The inhabitants of this town are computed at three hundred and fifty thousand. I make no doubt of their amounting to that number; for though Naples is not one third of the size of London, yet many of the streets here are more crowded than the Strand. In London and Paris, the people who fill the streets are mere passengers, hurrying from place to place on business; and when they choose to converge, or to amuse themselves, they resort to the public walks or gardens: at Naples, the citizens have fewer avocations of business to excite their activity; no public walks, or gardens to which they can resort; and are, therefore, more frequently seen sauntering and conversing in the streets, where a great proportion of the poorest sort, for want of habitations, are obliged to spend the night as well as the day. While you sit in your chamber at London, or at Paris, the usual noise you hear from the streets, is that of carriages; but at Naples, where they talk with uncommon vivacity, and where whole streets full of talkers are in continual employment the noise of carriages is completely drowned in the aggregated clack of human voices. In the midst of all this idleness, fewer riots or outrages of any kind happen, than might be expected in a town where the police is far from being strict, and where such multitudes of poor unemployed people meet together every day. This partly proceeds from the national character of the Italians; which, in my opinion, is quiet, submissive, and averse to riot or sedition; and partly to the common people being universally sober, and never inflamed with strong and spirituous liquors, as they are in the northern countries. Iced water and lemonade are among the luxuries of the lowest vulgar; they are carried about in little barrels, and sold in half-penny’s worth. The half naked lazzarone is often tempted to spend the small pittance destined for the maintenance of his family, on this bewitching beverage, as the most dissolute of the low people in London spend their wages on gin and brandy; so that the same extravagance which cools the mob of the one city, tends to inflame that of the other to acts of excess and brutality.

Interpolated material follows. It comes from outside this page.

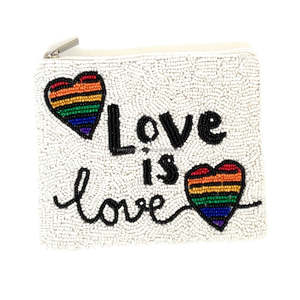 Monedero Personalizado con Cuentas, Bordado 'Love Is Love' Corazón Arcoíris Orgullo, con Cremallera, Unisex, Rectangular, Multicolor, Tamaño Personalizado, Moderno, para Fiesta - Product Image 2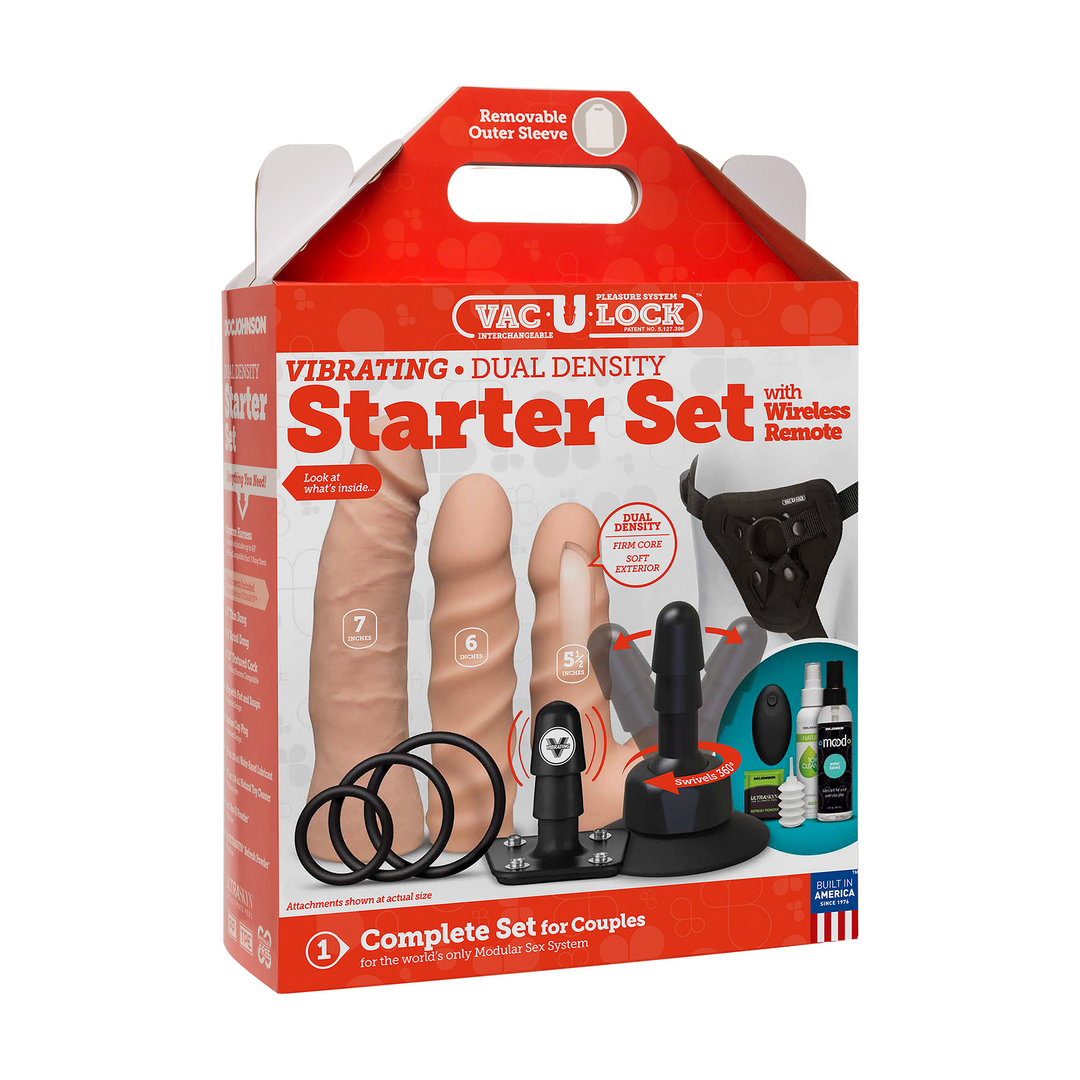 Vibrerende Dual Density ULTRASKYN Speelgoed Set + Afstandsbediening Fleischfarben - 0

There is not, perhaps, a city in the world, with the same number of inhabitants, in which so few contribute to the wealth of the community by useful, or by productive labour, as Naples; but the numbers of priests, monks, fiddlers, lawyers, nobility, footmen, and lazzaronis, surpass all reasonable proportion; the last alone are computed at thirty or forty thousand. If these poor fellows are idle, it is not their own fault; they are continually running about the streets, as we are told of the artificers of China; offering their service, and begging for employment; and are considered, by many, as of more real utility than any of the classes above mentioned.


LETTER LV.

Naples.

There is an assembly once a week at the house of the British minister; no assembly in Naples is more numerous, or more brilliant, than this. Exclusive of that gentleman’s good qualities, and those accomplishments which procure esteem in any situation, he would meet with every mark of regard from the Neapolitan nobles, on account of the high favour in which he stands with their Sovereign. Sir W——’s house is open to strangers of every country who come to Naples properly recommended, as well as to the English; he has a private concert almost every evening. L——y H—— understands music perfectly, and performs in such a manner, as to command the admiration even of the Neapolitans. Sir W——, who is the happiest tempered man in the world, and the easiest amused, performs also, and succeeds perfectly in amusing himself, which is a more valuable attainment than the other.

The Neapolitan nobility are excessively fond of splendour and show. This appears in the brilliancy of their equipages, the number of their attendants, the richness of their dress, and the grandeur of their titles.

I am assured, that the King of Naples counts a hundred persons with the title of Prince, and still a greater number with that of Duke, among his subjects. Six or seven of these have estates, which produce from ten to twelve or thirteen thousand pounds a year; a considerable number have fortunes of about half that value; and the annual revenue of many is not above one or two thousand pounds. With respect to the inferior orders of nobility, they are much poorer; many Counts and Marquisses have not above three or four hundred pounds a year of paternal estate, many still less, and not a few enjoy the title without any estate whatever.

When we consider the magnificence of their entertainments, the splendour of their equipages, and the number of their servants, we are surprised that the richest of them can support such expensive establishments. I dined, soon after our arrival, at the Prince of Franca Villa’s; there were about forty people at table; it was meagre day; the dinner consisted entirely of fish and vegetables, and was the most magnificent entertainment I ever saw, comprehending an infinite variety of dishes, a vast profusion of fruit, and the wines of every country in Europe. I dined since at the Prince Iacci’s. I shall mention two circumstances, from which you may form an idea of the grandeur of an Italian palace, and the number of domestics which some of the nobility retain. We passed through twelve or thirteen large rooms before we arrived at the dining room; there were thirty-six persons at table, none served but the Prince’s domestics, and each guest had a footman behind his chair; other domestics belonging to the Prince remained in the adjacent rooms, and in the hall. We afterwards passed through a considerable number of other rooms in our way to one from which there is a very commanding view.